**GOAL OF THE EXERCISE:** For this exercise, reproduce only the lines from the one holding "Jazz Maine Coon male black - live animals" through the final line of the data below, exactly, and omit pictures.

*** Opening of RECORDS FOR THIS TASK ***

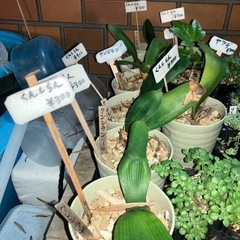山椒、紅葉、子宝草、折鶴蘭、君子蘭が仲間入り！の画像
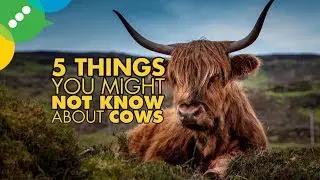5 Things You Might Not Know About Cows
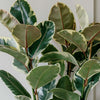 Ficus Robusta Tineke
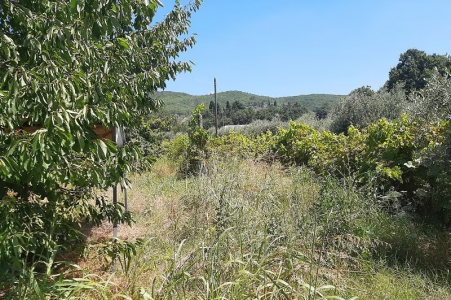 TERRENO EDIFICABILE VENDITA MAGIONE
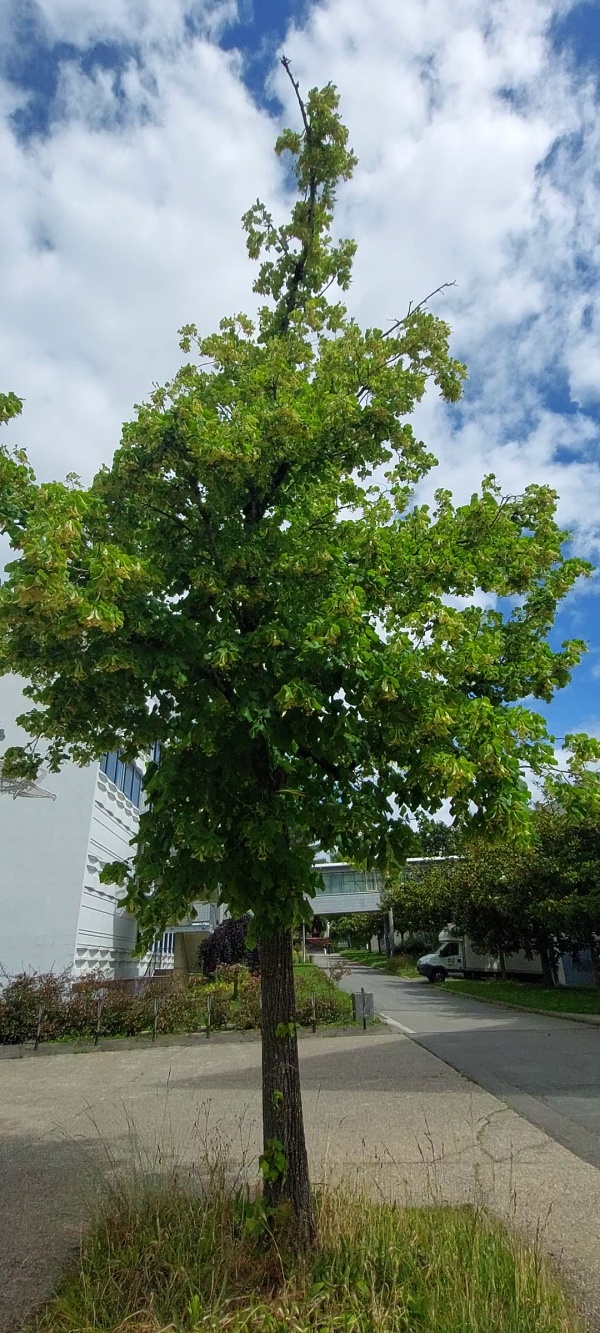 photo de l'arbre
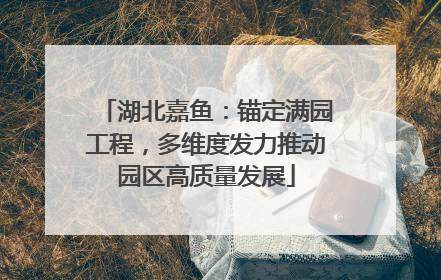 湖北嘉鱼：锚定满园工程，多维度发力推动园区高质量发展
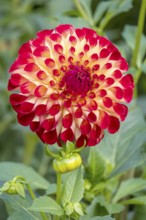 Red-yellow dahlia flower with symmetrical pattern in greenery, Münsterland, North Rhine-Westphalia,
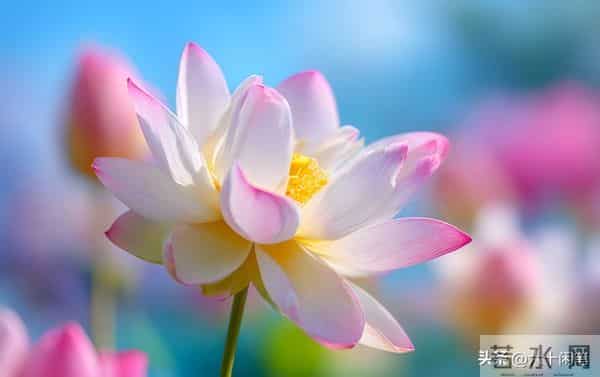 爱自己，还是自己终极的修行，活通透了，万物皆是风景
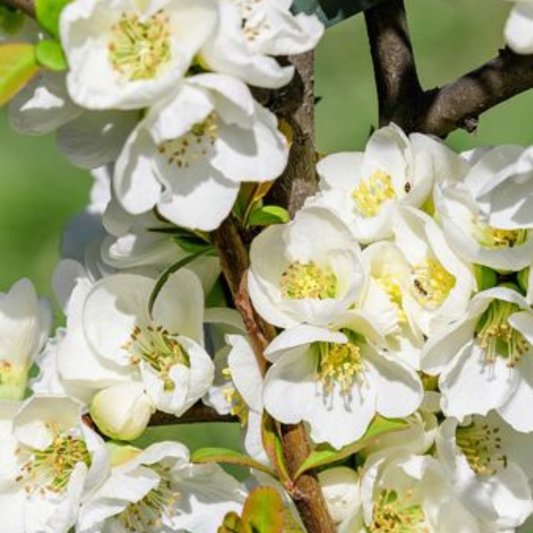 Japanese Quince White Rare Flowering Live Plant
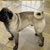 Picture of dog we groom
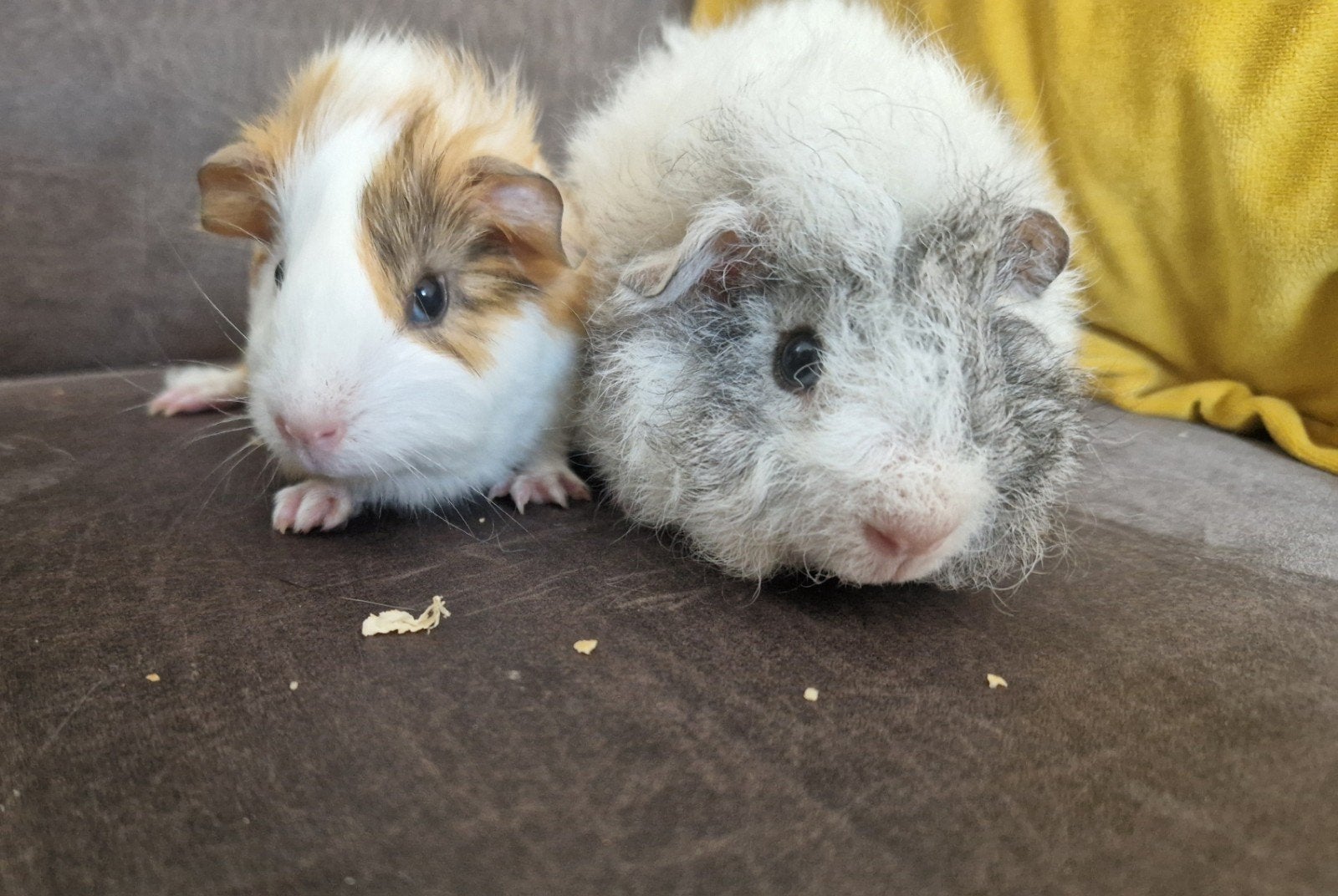 2 lieve jonge cavia beertjes, Cavia, Mannelijk, Juli, Tam
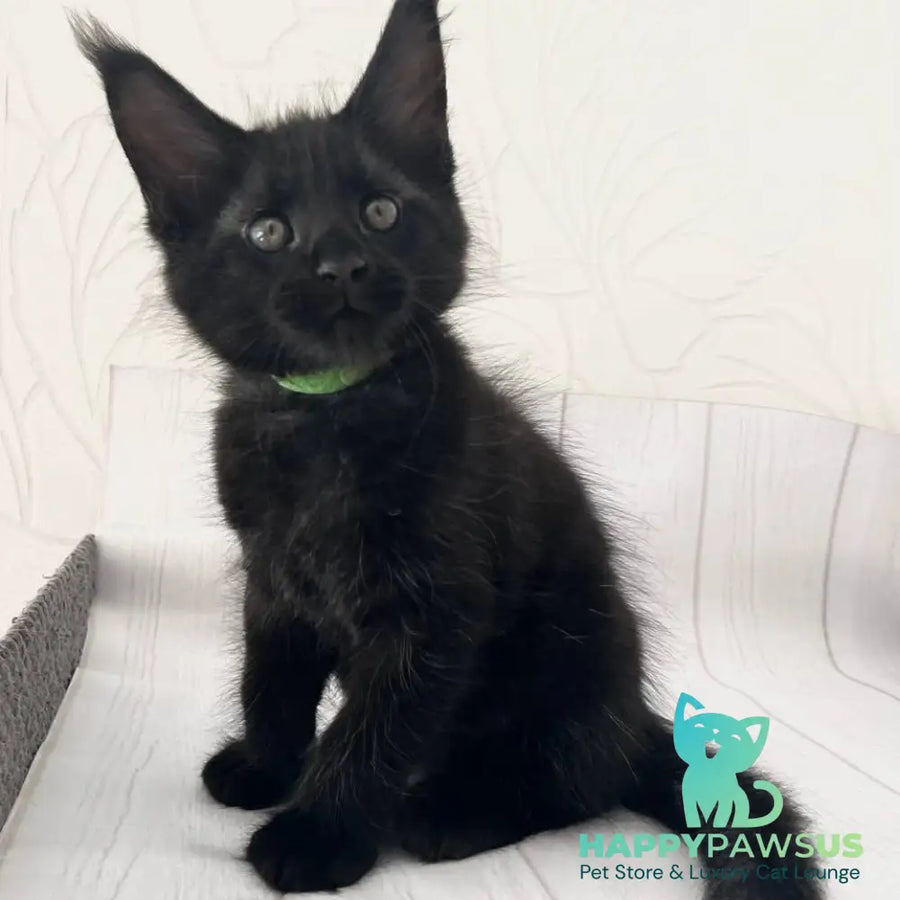 Jazz Maine Coon male black - live animals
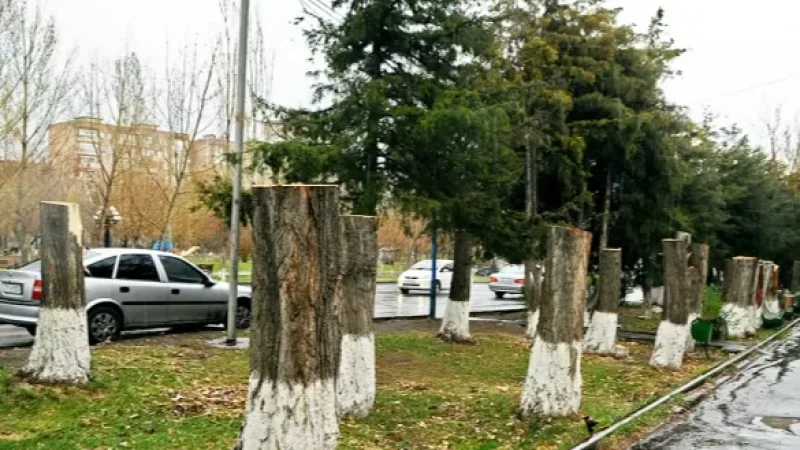 Photos: The Decision on the Necessity of Tree Cutting Adopted by the Mayor of Yerevan - Kristina Vardanyan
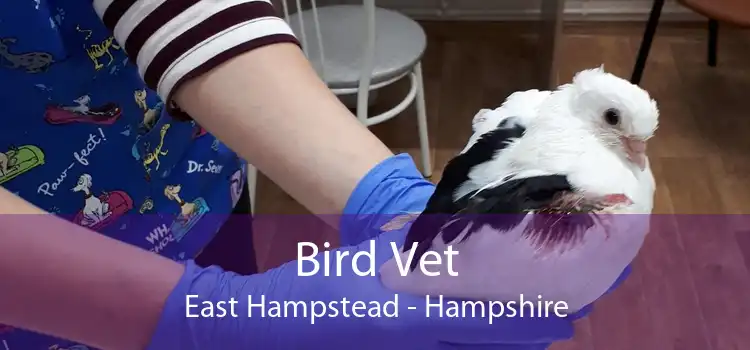 Bird Vet East Hampstead - Hampshire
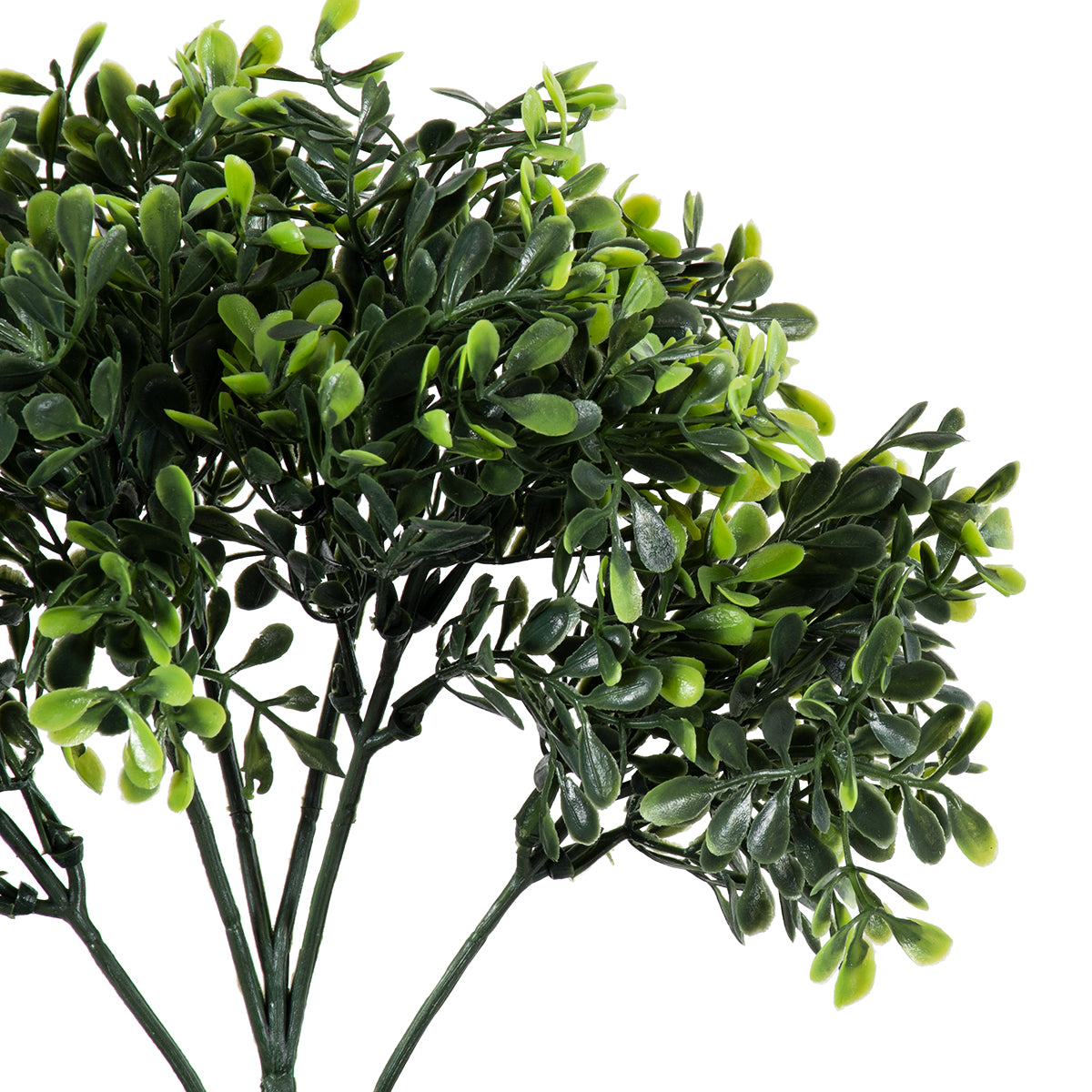 GloboStar® Artificial Garden BUXUS 20387 Τεχνητό Διακοσμητικό Φυτό Πυξός Υ30cm - ledmania.gr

*** Close of RECORDS FOR THIS TASK ***

**EXERCISE RESPONSE:**
 Jazz Maine Coon male black - live animals
 Photos: The Decision on the Necessity of Tree Cutting Adopted by the Mayor of Yerevan - Kristina Vardanyan
 Bird Vet East Hampstead - Hampshire
 GloboStar® Artificial Garden BUXUS 20387 Τεχνητό Διακοσμητικό Φυτό Πυξός Υ30cm - ledmania.gr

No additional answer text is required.